Gigino non ebbe bisogno d’altre esortazioni per esser persuaso dei suoi torti. Strinse la mano della mamma e le disse sorridendo: — Sarò buono, buono, buono!
— Ecco il fiume, ecco il fiume! gridarono i ragazzi, e fecero per prender la rincorsa.
— Non qui, bambini, non qui! disse il babbo. Non vedete che questo luogo non è abbastanza quieto e appartato? Quelle lavandaie e quei renaioli che vanno e vengono non possono che fare impaurire i pesci.
— Come, babbo! O che i pesci si accorgono di chi è sulla spiaggia?
— Sicuro, disse Gigino. Anche i pesci hanno gli occhi.
— E degli occhi bonissimi, riprese il babbo. E non solo ci vedono, ma odono ogni rumore: procurate dunque di parlare sottovoce, perchè ci siamo.
Infatti, la comitiva fece sosta. Erano giunti sulla riva, dove molti salici fronzuti formavano come una gran cupola verdeggiante che avrebbe riparato i nostri amici dalle carezze troppo ardenti del sole di luglio.
— Qui staremo benone, disse il babbo. Alla svelta! Ognuno deponga gl’impicci e posi le sue provviste a’ piè di quell’alberone.
— Si deve mangiar subito? chiese Gigino.
— Come subito? ribattè il babbo. Mangiare senza prima aver lavorato? Oggi voi siete degli uomini, e gli uomini prima di mangiare, lavorano.
Dopo tre ore, i panieri che avevano contenuto la refezione dei nostri amici, erano pieni di pesce.
— Io vorrei sapere, disse Gigino, perchè tra tutte queste anguilline e pesciolini d’argento, non c’è neanche una sogliola, una triglia, un gambero o un’acciuga. A Livorno se ne pescavano sempre!
— Tu dimentichi, rispose il babbo, che nell’acqua dolce non vivono i medesimi pesci che sono nell’acqua di mare.
— Babbo, perchè i pesci, quando sono fuori dell’acqua, muoiono?
— Perchè essi non possono respirare l’aria che a traverso l’acqua, mentre noi non possiamo respirare che l’aria pura.
— O che i pesci respirano?
— Ma certo!
— Curiosa! O che hanno i polmoni?
— No: essi sono provvisti di un organo respiratorio, diverso dal nostro: e sono le branchie, specie di pettinini con gran numero di denti molli e fitti, nascosti in fondo alla bocca e fatti, quasi starei per dire, per stracciare l’acqua e separarne l’aria.
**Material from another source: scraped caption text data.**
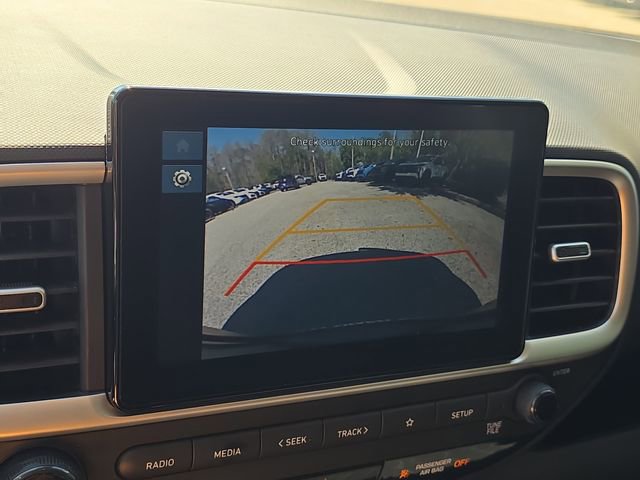 Used 2023 Hyundai Venue SE image 23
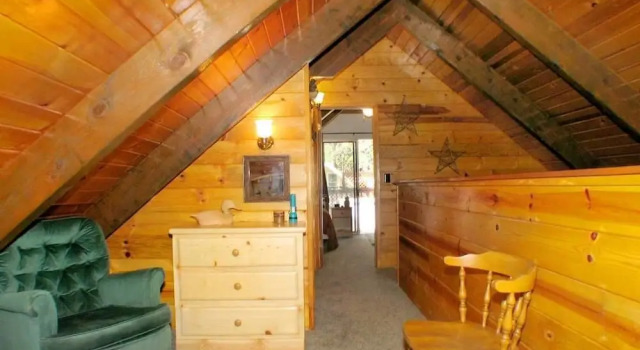 Tahoe Tree House  1831m 3 Bedroom Cabin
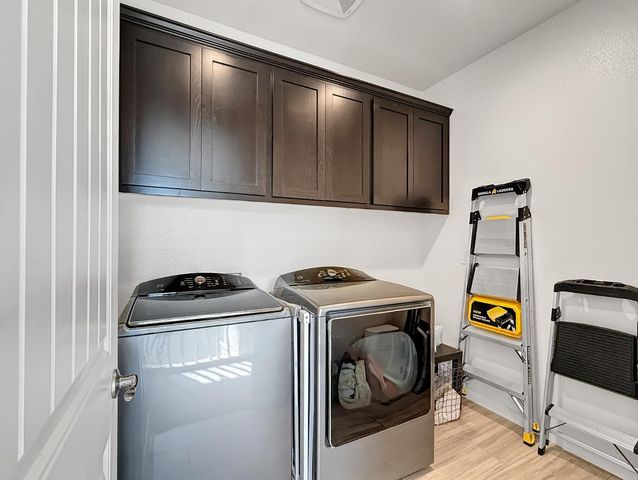 3700 Hovnanian Dr, Sacramento, CA 95834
— Babbo, perchè i pesci hanno la lisca?
— Giorgio, perchè hai la spina dorsale? La lisca non è altro che lo scheletro del pesce. E i pesci saranno dunque da mettersi tra gli animali vertebrati; essendo appunto stati nominati vertebre gli ossicini dei quali è composta la spina dorsale. I pesci, gli uccelli, gli anfibi, i rettili, e i mammiferi sono le cinque classi in cui vengono ripartiti gli animali vertebrati.
— È vero, babbo, che i pesci sono stupidi? chiese l’Ernestina.
— Io non li credo meritevoli di questo brutto epiteto, rispose il babbo: perchè numerose esperienze c’insegnano che un certo intendimento lo hanno anche loro: ma è un fatto che fra gli animali, i pesci non sono i più accorti. La loro pelle coperta di scaglie è insensibile: il loro sangue è freddo e circola lentamente intorno a un cuore imperfetto; la loro testa è così compressa, che ci è appena posto per un cervelluccio molto piccino. I pesci non hanno gioie, non hanno amicizie, nè vincoli di società o di famiglia; è perciò un’ingiustizia il chiedere a questi poveri animali più di quello che il loro organismo può darci.
Ma questi pesciolini che serviranno alla cena del povero Cecco, non possono darvi un’idea dei mostri giganteschi che popolano l’Oceano: Avete però veduto disegnato più volte il terribile pesce cane, la balena, qualche polipo e altri e altri ancora.
Tutti i pesci si riproducono per mezzo delle uova: ma tra i pesci non dovete contar la balena, la quale, quantunque viva nei mari, appartiene ad un altro ordine di animali, detti cetacei e si riproduce come gli altri mammiferi.
Così ebbe fine la partita di pesca. La nostra comitiva se ne tornò a casa di bonissimo umore, lieta per la bella mattinata trascorsa, ma più ancora pel dono caritatevole offerto al povero Cecco.